Richard Zanuck, who loved the idea of Barbra as Dolly, arranged a meeting for himself, Barbra, her agent Freddie Fields, and Lehman at Hollywood’s Bistro restaurant a few days after Barbra arrived in town in May 1967. “It was the first time I’d seen the Hollywood Miss Streisand,” Lehman recalled. “She wore a broad-brimmed hat, and I kept peeking under it and saying, ‘Do you mind if I look at you?’ And all she kept saying was, ‘Why me? Why me? I’m too young for the role.’
“I kept coming up with all the reasons she should do it: she was such a vivid personality, her voice was one of the all-time greats, she was going to be a tremendous star in pictures. I gave her every reason I could think of. I never had any doubt that she could do it, or that she would be a huge movie star. We never even tested her. She was a known quantity as one of the greats of all time. Making the transition to movies was only a formality. Finally she said yes, and I was ecstatic.”
When the announcement was made, Carol Channing sent Barbra flowers and a gracious note of congratulations. When the bouquet arrived, Barbra told a reporter, “I called Elliott right away and told him about it, very excited. He said, ‘Yes, I already read about it in the paper.
’”
The press came down firmly on Carol’s side.

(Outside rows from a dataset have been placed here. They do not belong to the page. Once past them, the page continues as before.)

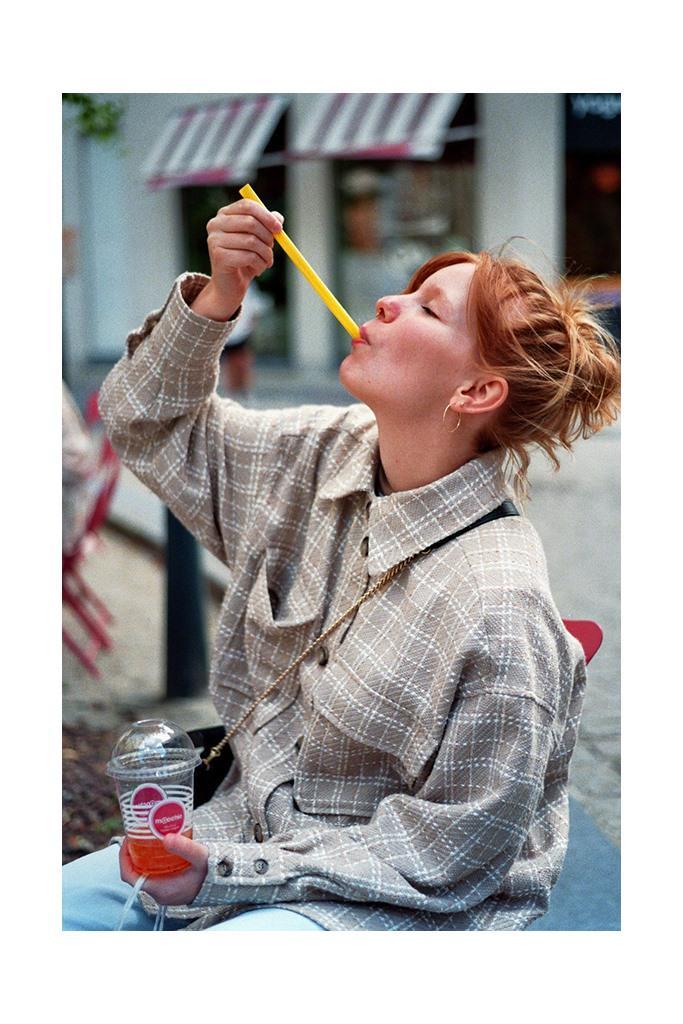 A woman with red hair sips a drink through a yellow straw on a street.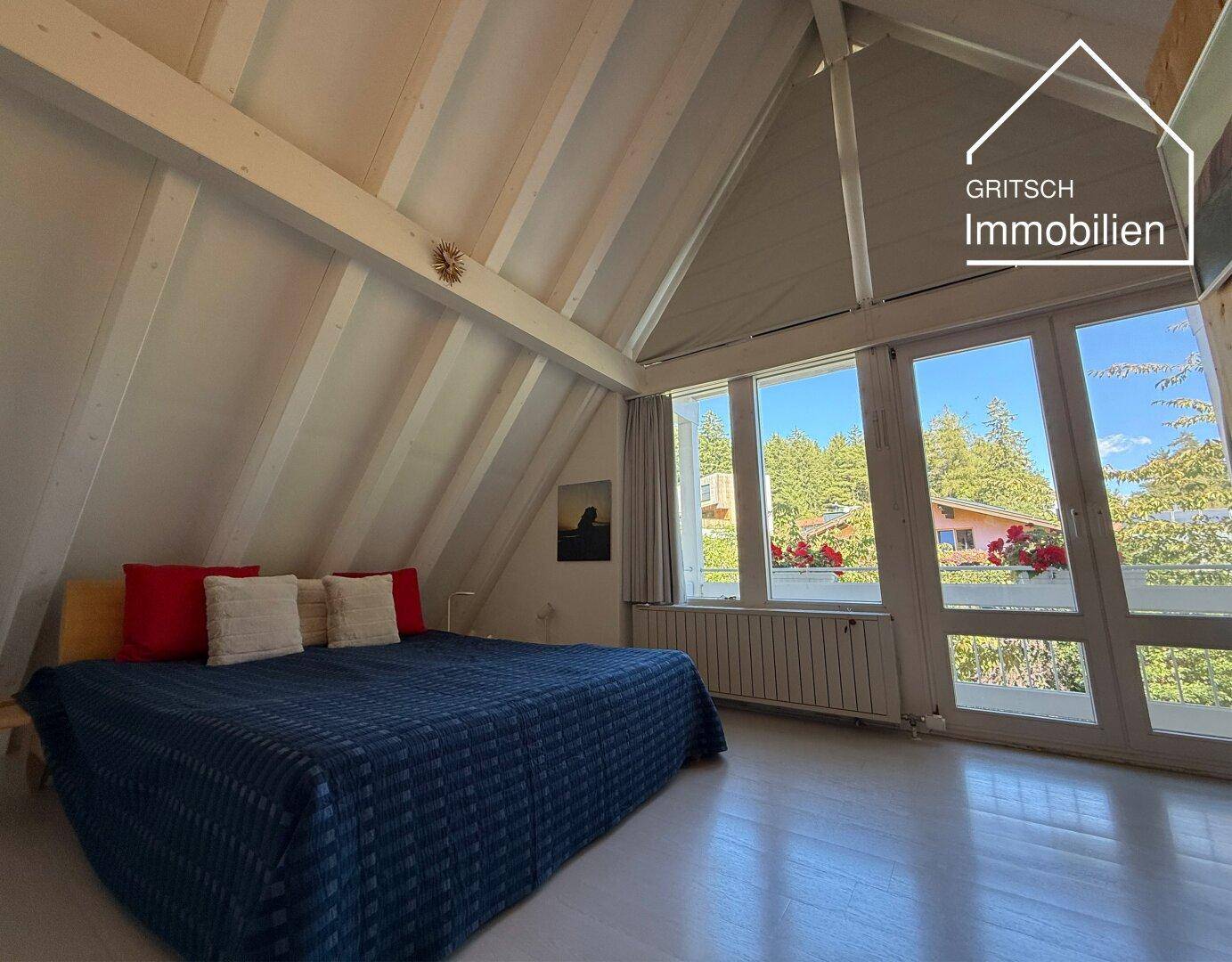 Helles Schlafzimmer mit großen Fenstern, Holzbalken und Blick ins Grüne, ideal zum Entspannen.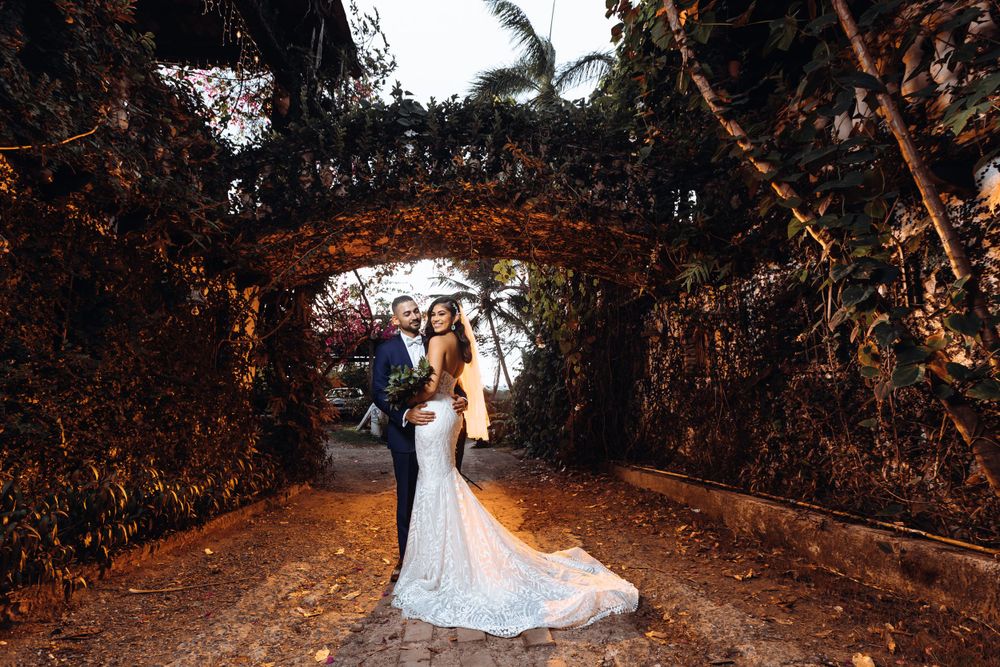 Elegant wedding couple poses beneath a romantic garden archway adorned with climbing vines.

The
Washington Post
called Barbra’s casting “knuckle-headed.” Other observers called it “cynical,” “mercenary,” “unfathomable.” Lehman defended his choice and pointed out that Thornton Wilder, who wrote
The Matchmaker
, the play on which
Hello
,
Dolly!
was based, had described Dolly as a woman of “uncertain” age. “She could well be in her thirties,” Lehman suggested.
Barbra attempted to defend her selection as well, but her customary bluntness redounded to her further detriment. “It’s so ridiculous and boring,” she said of the controversy. “They can cast anyone they want in a picture. I can’t help it if I get the part. I don’t know whether I’m right for it or not. I haven’t even read the script. If they pick the wrong person for a part, that’s their problem. Everybody wants to be a casting director.”
To round out the cast, Lehman hired Michael Crawford and Danny Lockin to play Vandergelder’s clerks, and Marianne McAndrew and E. J. Peaker as Irene Molloy and Minnie Fay, the milliners they take out on the town in New York. Lehman had tested a number of actresses to play Irene Molloy, among them Phyllis Newman, Yvette Mimieux, and Ann-Margret, before deciding on the unknown McAndrew. “One reason we didn’t hire Ann-Margret was that she had too sexy an image for such a sweetness-and-light character as Irene Molloy,” Lehman said.
E
VEN AFTER SHE
signed for the part, Barbra harbored deep reservations about her casting. When she saw the show on Broadway she had considered it “a piece of fluff” and felt the audience sat through it waiting to hear the title tune, which had become a number one hit for Louis Armstrong in 1964. “I wasn’t gonna do it. I tried to convince them that it would be more emotional if it were the story of an older woman whose time is running out and she has to make the most of it. I thought Elizabeth Taylor should play it.” Taylor was thirty-five at the time.